With the EFF leadership having been born from the ANC, it is perhaps no wonder that the package offered to its constituency strikes an all-too-familiar chord
The EFF’s 2019 election manifesto is crafted in beautiful language that is similar to that of the Freedom Charter, adopted in Kliptown in 1955, which called for a fundamental restructuring of South Africa’s oppressive apartheid laws.
It seems as if the EFF has adopted the Freedom Charter and the economics that appear to have been abandoned by the governing ANC.
The EFF understands that the promises of freedom have not changed the material conditions of the majority of South Africans, particularly black people.

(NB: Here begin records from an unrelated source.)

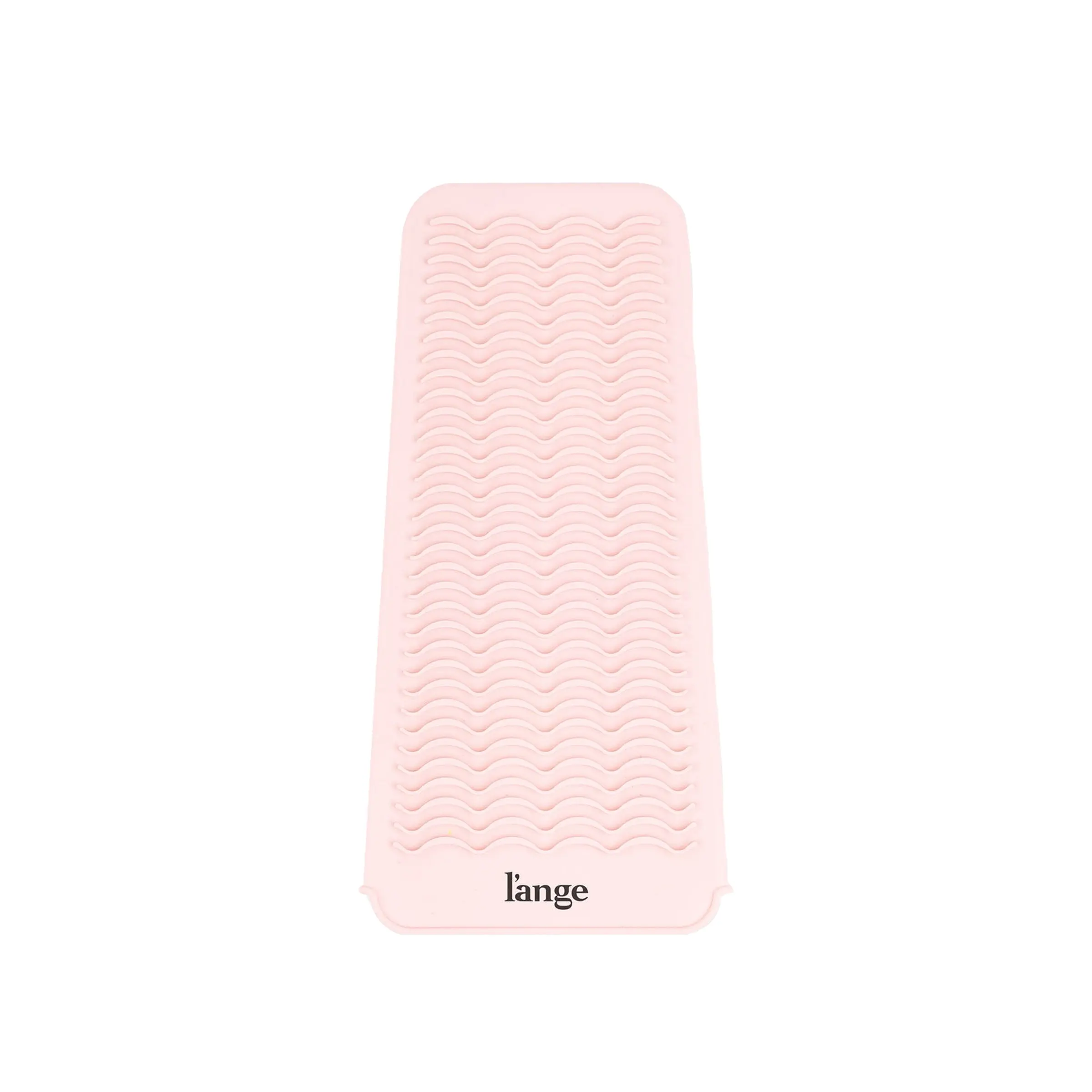 L'ANGE HAIR - Heat-Resistant Mat, Professional Heat Mat for Curling Iron, Flat Iron and Hair Styling Tools, Heat Resistant Mats for Countertop Vanity Mat Organizer, Haircare, Pouch, Silicone
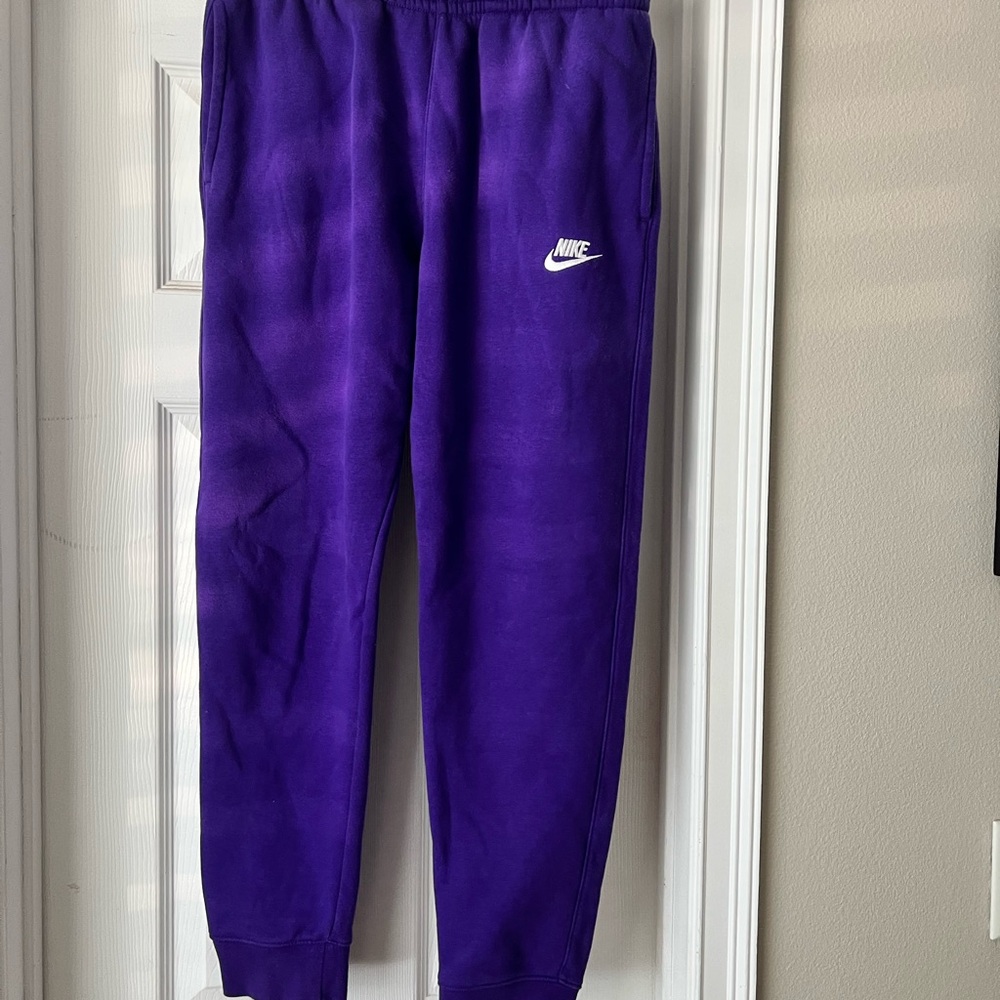 Nike Purple Sweatpants Relaxed Fit Joggers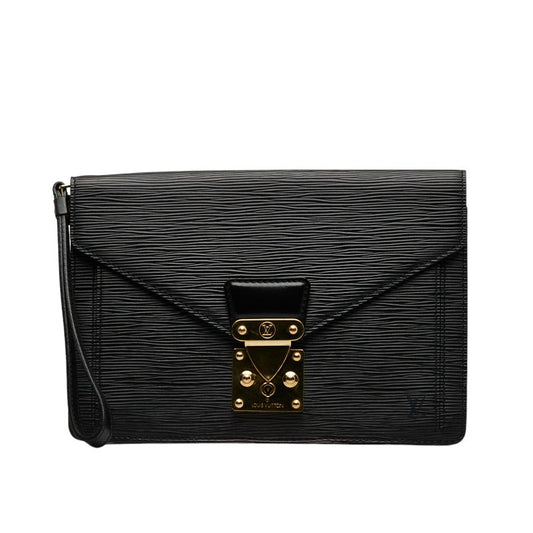 Louis Vuitton Epic Poschet Dragon  Second Bag M52612 Noir Black Leather  Louis Vuitton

The nationalisation of banks and mines, and the proposal of land expropriation without compensation are what the ANC and its alliance partners presented up until the late 1980s, with some sticking to these positions even today.
For example, in the ANC/Cosatu proposals for an economy beyond apartheid during the 1990 to 1994 transition period, this was said: “The transformation of the economy will require a viable state sector. Nationalisation would be an essential part of the reconstruction programme of such a state.”
This statement by the ANC/Cosatu alliance was in contrast to the economic reforms proposed by the National Party which had been articulated by then state president PW Botha in 1988.
These reforms, which included a proposal for privatisation, were devoid of a realistic appreciation of the depth of the economic problems South Africa was experiencing.
In 1989, the ANC released a document authored by Laurence Harris titled “The Mixed Economy of a Democratic SA”, which he presented at a colloquium held in Switzerland.
In the paper, Harris posited that there were two points underlying the discussion of a mixed economy.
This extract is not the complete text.